[Start of Attachment]

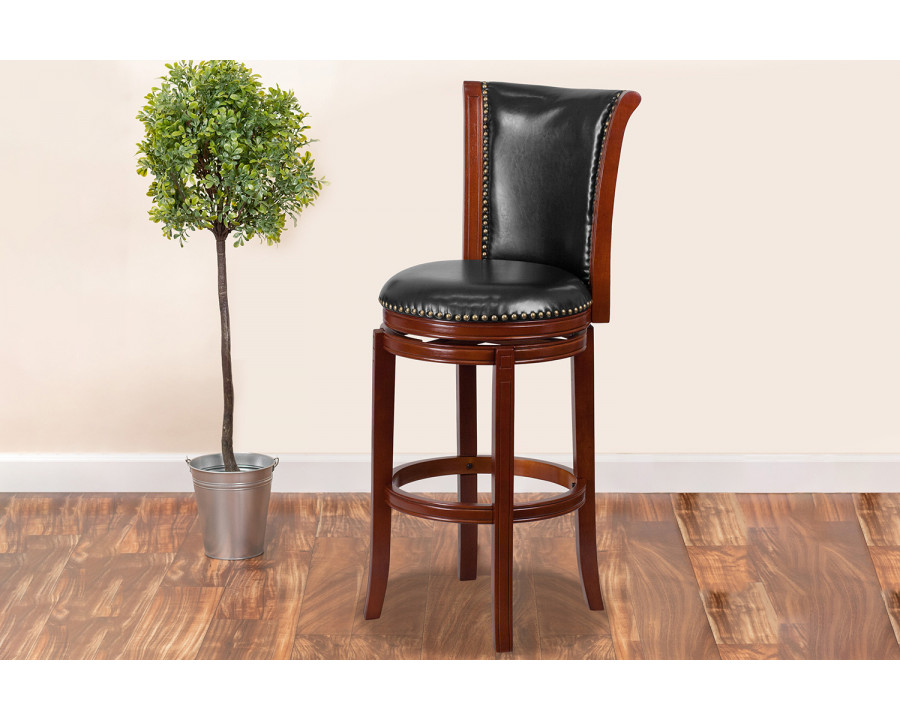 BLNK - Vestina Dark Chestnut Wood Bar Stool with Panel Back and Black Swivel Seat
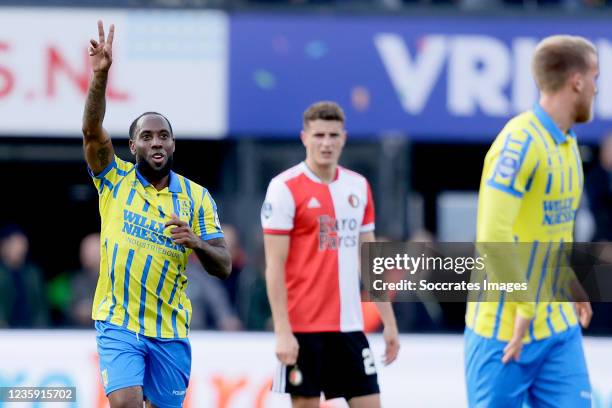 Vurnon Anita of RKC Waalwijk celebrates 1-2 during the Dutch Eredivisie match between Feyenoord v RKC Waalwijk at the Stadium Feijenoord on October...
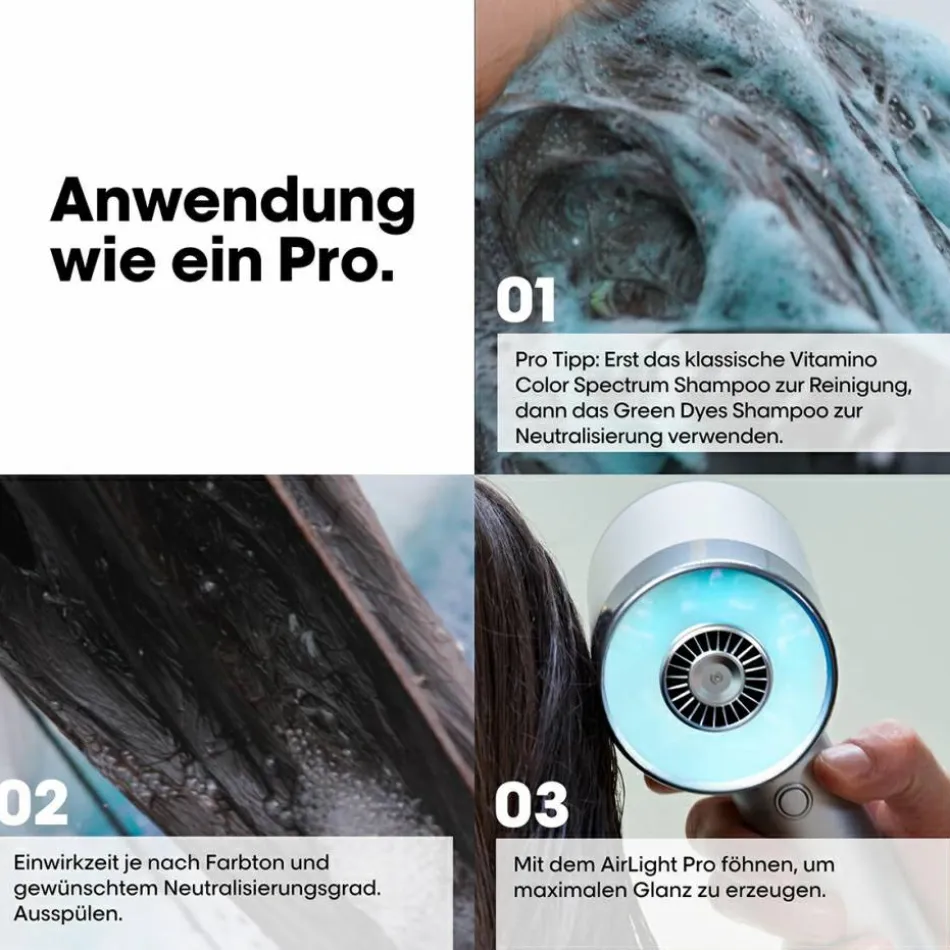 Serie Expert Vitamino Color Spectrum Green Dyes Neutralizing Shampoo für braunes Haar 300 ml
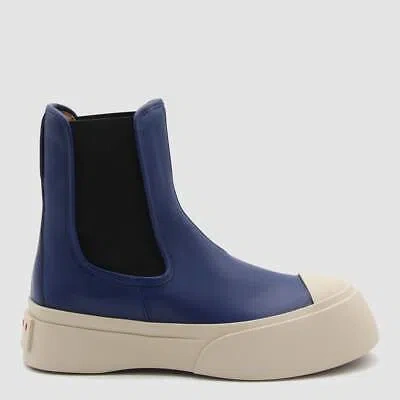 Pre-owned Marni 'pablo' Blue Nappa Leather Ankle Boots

[End of Attachment]
[Start of Attachment]

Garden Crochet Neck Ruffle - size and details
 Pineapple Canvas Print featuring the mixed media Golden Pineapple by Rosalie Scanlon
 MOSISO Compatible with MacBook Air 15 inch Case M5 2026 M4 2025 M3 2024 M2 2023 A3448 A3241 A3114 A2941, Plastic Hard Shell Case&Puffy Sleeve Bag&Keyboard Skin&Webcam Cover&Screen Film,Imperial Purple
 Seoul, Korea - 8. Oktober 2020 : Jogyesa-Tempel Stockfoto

[End of Attachment]
[Start of Attachment]

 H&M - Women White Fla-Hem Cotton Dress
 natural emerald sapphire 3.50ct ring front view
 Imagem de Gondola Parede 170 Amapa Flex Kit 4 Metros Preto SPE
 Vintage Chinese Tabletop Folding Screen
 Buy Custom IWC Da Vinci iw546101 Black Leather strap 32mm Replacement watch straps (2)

[End of Attachment]

TASK DESCRIPTION — Scan the material above for lines holding "Screen" and copy each of them.

ANSWER SECTION —
 MOSISO Compatible with MacBook Air 15 inch Case M5 2026 M4 2025 M3 2024 M2 2023 A3448 A3241 A3114 A2941, Plastic Hard Shell Case&Puffy Sleeve Bag&Keyboard Skin&Webcam Cover&Screen Film,Imperial Purple
 Vintage Chinese Tabletop Folding Screen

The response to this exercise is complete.